Belisario Castillo Saenz – Banco Panameño de la Vivienda
Banco Panameño de la Vivienda (Banvivienda) had been servicing Panamanian Mortgages for 25 years when it expanded to become a universal bank around 2006. Today the bank has more than 55,000 customers, six branches in Panama City, another six in surrounding towns, as well as dozens of ATMs and online banking centers around the country.
However, an expanding footprint has meant more paperwork and bureaucracy for the bank.
That is, until it hired Belisario Castillo Saenz. As the bank’s senior vice president of legal, Saenz says paper just won’t cut it anymore. Saenz, who became a senior attorney for Panama’s National Bank at just 31, is now leading the charge in Banvivienda’s battle to do away with a problem that, literally, has been piling up—paper.
He has automated many of the bank’s most important processes, including how it generates contracts, how it protects intellectual property and how it manages legal documentation. Saenz says he finds introducing technology into an already large and sophisticated business structure challenging, because it’s both expensive and it forces people to adapt to change.
“Some people disagree with the inclusion of new technology,” he says, “but I believe technology brings faster processes, greater security and lets us conduct more meaningful business.”

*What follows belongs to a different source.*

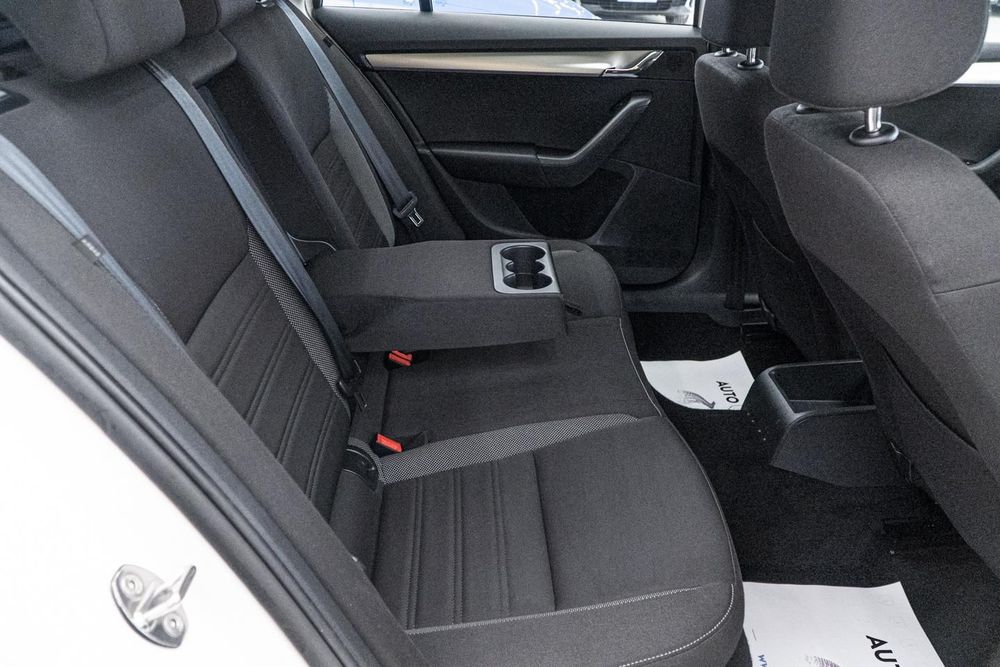 Skoda Octavia Navi/DSG/CarPlay/Camera/AndroidAuto/TVA/Leasing - Rate FARA AVANS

Improving regulatory health
At Banvivienda, Saenz manages a team of three lawyers and two assistants. He is the secretary of the board of directors for the bank’s three subsidiaries: a brokerage house, a global fiduciary services group and a leasing group. He is also part of the credit committee and is responsible for discussing risk and compliance concerns when the bank is approving lines of credit.

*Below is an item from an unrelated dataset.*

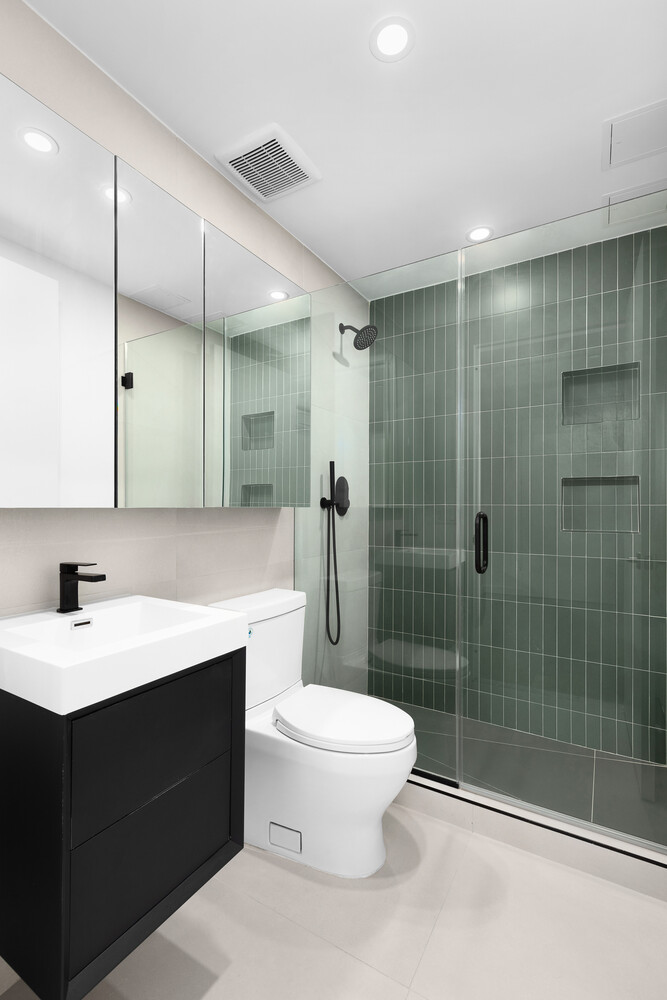 527 GRAND Avenue 703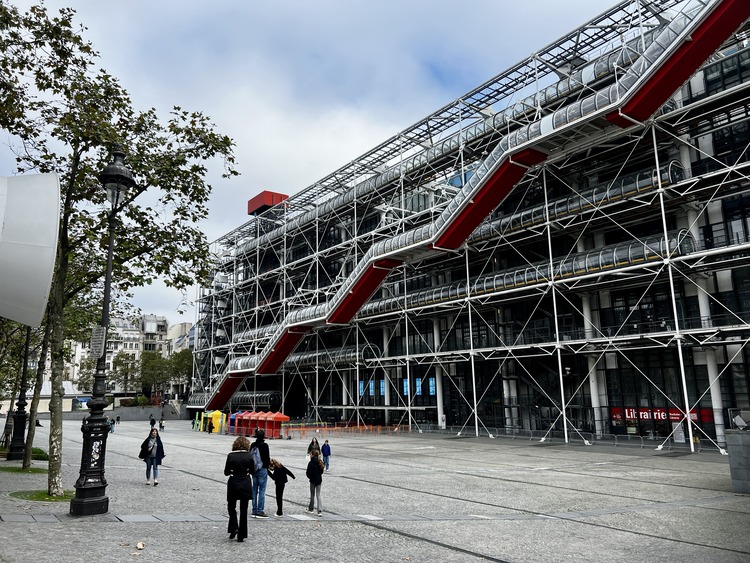 imagen de la fachada del centro Georges Pompidou en París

“My role as VP of legal is to be the legal adviser par excellence,” he says.
Saenz has homed in on risk mitigation, and says one of his greatest contributions has been a legal risk matrix that helps the bank organize threats according to type and severity.
He adds that he helped establish a “risk culture,” in which executives thought about risk more often and started finding ways to measure the frequency and effects of it, as well as how to control it. These innovations, he says, have contributed to a healthier environment for conducting business.
Saenz says his greatest impact at Banvivienda, though, hasn’t been in the typical legal wheelhouse of risk, but rather in automation. The upstart attorney says he quickly realized he needed to streamline how his department communicated and handled paperwork, because it was “quite manual with many deficiencies.”
Chief among those deficiencies was a lack of standardized contract models. Saenz created a system that organized contracts according to the business models of the companies involved, and standardized their format.
He also automated all of the processes required to protect the bank’s intellectual property, including the process of reviewing credit and even automating minutes for business meetings.
In 2018, his challenge will be to use Blockchain technology—the same technology used in securing and tracking cryptocurrencies like Bitcoin—to secure these recently automated processes.
Getting experience on the field
Saenz believes he couldn’t have made these contributions if it weren’t for the breadth of experience he developed at previous jobs. Years before he arrived at Banvivienda in 2013, Saenz was the executive manager of legal advice and the secretary of the board of directors at the Banco Nacional de Panama, the country’s central bank.
One of his greatest accomplishments there was working on the Financial Stimulus Program, a plan to reinvigorate Panamanian banks with over a billion dollars in cash during the 2008 world financial crisis.
Saenz’s work with the Central Bank earned him a strong reputation in financial services, and in 2010 he was invited to get in on the ground floor of a new, private bank called UNIBANC.
“This project was different because I had to create everything for legal,” Saenz says.
Saenz became the vice president of legal and compliance and stayed with UNIBANC for three years. He says one of the highlights was being part of a legal team that managed to get a banking license in a highly regulated private market.
By the time headhunters from Banvivienda reached out to him in 2013, Saenz had experience in both managing a legal team in a large and mature bank, and building a team for a new bank.
He says his experiences have given him a wider view of the industry.
“It’s like a baseball player who only hit towards the right field now visualizing the whole stadium at the moment of batting,” he says.
Growing with the team
Saenz chooses not to think of his career in terms of individual successes, but says he’s happy to have been part of so many successful teams.
He envisions grappling with even more technological innovations in the coming years, as he strives to stay ahead of hackers. He hopes that by improving security and refining contracts, he can contribute to the bank’s larger goal of growing throughout 2018.
“Our vision of the future is one of constant challenges,” he says. “Technology is creating issues never before seen in law.”